In 1817 Keats wrote the 4,000-line Endymion though, ever a perfectionist, Keats considered it merely a poetic exercise. Keats soon isolated himself consciously from others to benefit his art. His over-riding quest was to seek his artistic individuality and poetic voice.
In 1818 external personal and professional events circumscribed Keats’ precious independence. First, his poetry for political rather than artistic reasons was ridiculed in the press. But more problematic for the brave Keats was that some of his immediate family members had become suddenly destitute or died. Keats’ spring and summer walking tour in 1818 of England, Scotland, and Ireland resulted in Keats’s personal inspiration but a chronically weakened state of physical health. In those same months, the 23-year-old poet had fallen in love with the vivacious, pretty and thoroughly nonliterary 18-year-old Fanny Brawne (1800-1865). They soon became engaged, but Keats’ inferior health and his strained to nonexistent finances impeded their getting married which frustrated Keats.

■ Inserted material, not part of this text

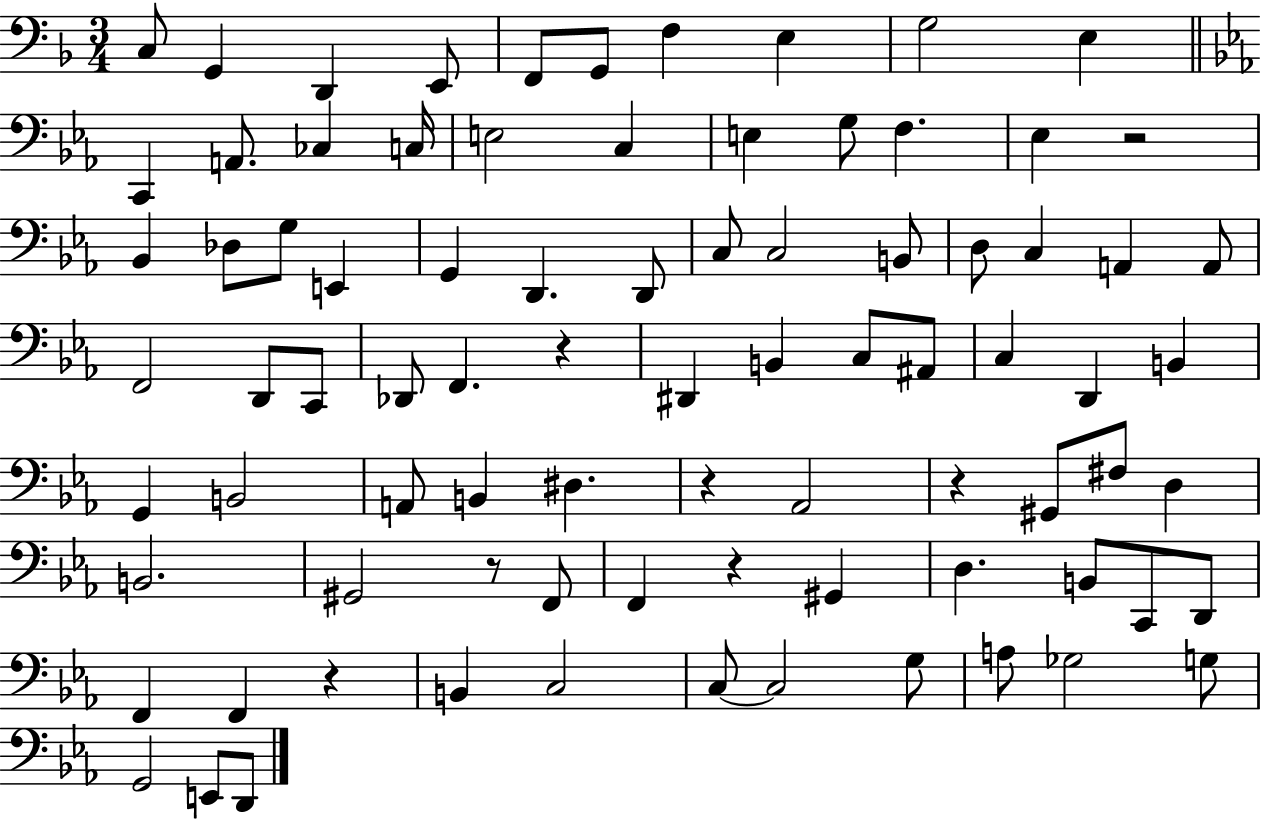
C3/e G2/q D2/q E2/e F2/e G2/e F3/q E3/q G3/h E3/q C2/q A2/e. CES3/q C3/s E3/h C3/q E3/q G3/e F3/q. Eb3/q R/h Bb2/q Db3/e G3/e E2/q G2/q D2/q. D2/e C3/e C3/h B2/e D3/e C3/q A2/q A2/e F2/h D2/e C2/e Db2/e F2/q. R/q D#2/q B2/q C3/e A#2/e C3/q D2/q B2/q G2/q B2/h A2/e B2/q D#3/q. R/q Ab2/h R/q G#2/e F#3/e D3/q B2/h. G#2/h R/e F2/e F2/q R/q G#2/q D3/q. B2/e C2/e D2/e F2/q F2/q R/q B2/q C3/h C3/e C3/h G3/e A3/e Gb3/h G3/e G2/h E2/e D2/e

In the rapidly reached final period of his life and poetic career, Keats wrote several of his masterpieces. In 1819 Keats wrote, one after another, The Eve of St. Agnes, La Belle Dame Sans Merci, his Odes (including Ode To a Grecian Urn), Lamia, and several major sonnets. These poems possess the characteristics of Keats’ mature work—that of grace, sensuality, and sympathetic objectivity. It sets before the reader the conflicting and contradictory nature of existence, signaling a “both-and” experience of living in the world, including grappling with the problem of good and evil. Keats writes plainly in a letter in that period about life’s suffering—it is a “world…full of misery and heartbreak, pain, sickness and oppression.”

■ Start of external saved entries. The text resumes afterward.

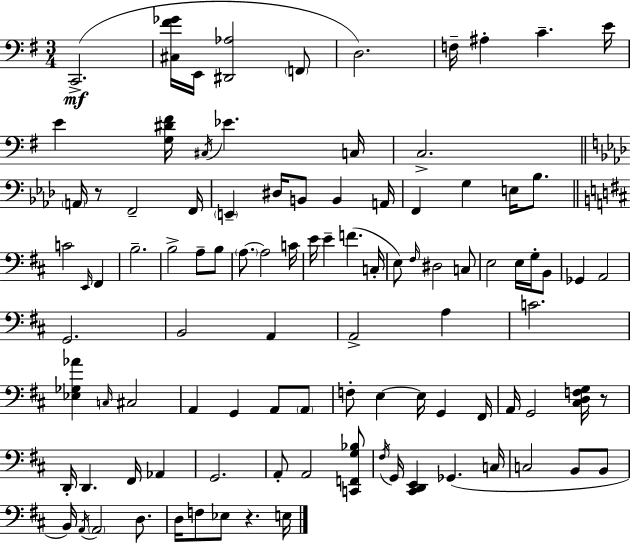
{
  \clef bass
  \numericTimeSignature
  \time 3/4
  \key e \minor
  c,2.->(\mf | <cis fis' ges'>16 e,16 <dis, aes>2 \parenthesize f,8 | d2.) | f16-- ais4-. c'4.-- e'16 | \break e'4 <g dis' fis'>16 \acciaccatura { cis16 } ees'4. | c16 c2.-> | \bar "||" \break \key aes \major \parenthesize a,16 r8 f,2-- f,16 | \parenthesize e,4-- dis16 b,8 b,4 a,16 | f,4 g4 e16 bes8. | \bar "||" \break \key b \minor c'2 \grace { e,16 } fis,4 | b2.-- | b2-> a8-- b8 | \parenthesize a8.~~ a2 | \break c'16 e'16 e'4-- f'4.( | c16-. e8) \grace { fis16 } dis2 | c8 e2 e16 g16-. | b,8 ges,4 a,2 | \break g,2. | b,2 a,4 | a,2-> a4 | c'2. | \break <ees ges aes'>4 \grace { c16 } cis2 | a,4 g,4 a,8 | \parenthesize a,8 f8-. e4~~ e16 g,4 | fis,16 a,16 g,2 | \break <cis d f g>16 r8 d,16-. d,4. fis,16 aes,4 | g,2. | a,8-. a,2 | <c, f, g bes>8 \acciaccatura { fis16 } g,16 <cis, d, e,>4 ges,4.( | \break c16 c2 | b,8 b,8 b,16) \acciaccatura { a,16 } \parenthesize a,2 | d8. d16 f8 ees8 r4. | e16 \bar "|."
}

Weakened by tuberculosis, Keats’ health took a bad turn in February 1820 so much so that the poet realized he was dying. By that fall he traveled to Italy seeking a milder climate for his health. He stayed in Rome until the end came. On February 23, 1821 —like his mother and brother before him— Keats died of tuberculosis. The 25-year-old poet was buried in the Protestant Cemetery in Rome.
Despite his gallant reluctance to yield to bitterness or despair for his life’s wasteful circumstances, with death died Keats’ ambitious plans of renewed poetic achievement and an ongoing passionate love for Fanny Brawne. Although today’s reader can continue to savor John Keats’ poems and letters prior to his having stopped writing at 24 years old, what might have been in terms of the English Romantic poet’s fully realized potential is to offer a conjecture about one of the English language’s greatest poets.

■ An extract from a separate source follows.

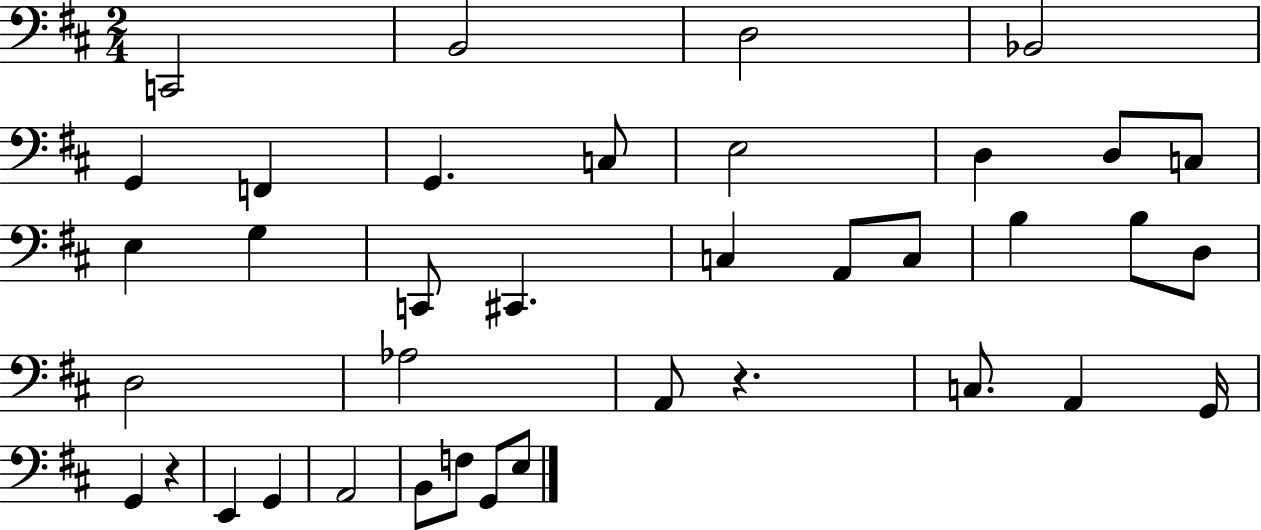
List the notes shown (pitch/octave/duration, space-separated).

C2/h B2/h D3/h Bb2/h G2/q F2/q G2/q. C3/e E3/h D3/q D3/e C3/e E3/q G3/q C2/e C#2/q. C3/q A2/e C3/e B3/q B3/e D3/e D3/h Ab3/h A2/e R/q. C3/e. A2/q G2/s G2/q R/q E2/q G2/q A2/h B2/e F3/e G2/e E3/e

SOURCES: The Norton Anthology of English Literature, Third Edition, Volume 2, W.W. Norton & company, Inc. New York, 1974.
John Keats, Walter Jackson Bate, The Belknap Press of Harvard University Press, Cambridge, Massachusetts, 1964.
John Keats, letter to his brother and sister, 1819.
John Keats, letter to his brother George Keats (1797-1841) and his wife Georgiana Augusta Wylie Keats (1798-1879). Married in England in May 1818, the Keats soon departed for America, specifically to Kentucky and southeastern Illinois by way of Philadelphia and Pittsburgh. The Keats are buried in Cave Hill Cemetery in Louisville, Kentucky. Mrs. Keats re-married following the death of the poet’s brother who died of natural causes while experiencing serious financial setbacks.
The poet suffered from– and died of– tuberculosis at the age of 25 years.
Letter to his brothers, George and Thomas Keats, January 13-19, 1818. Letters of John Keats, no. 37, edited by Frederick Page, 1954.
Endymion, Preface (1818). The complete line is : “This may be speaking too presumptuously, and may deserve a punishment: but no feeling man will be forward to inflict it: he will leave me alone, with the conviction that there is not a fiercer hell than the failure in a great object.”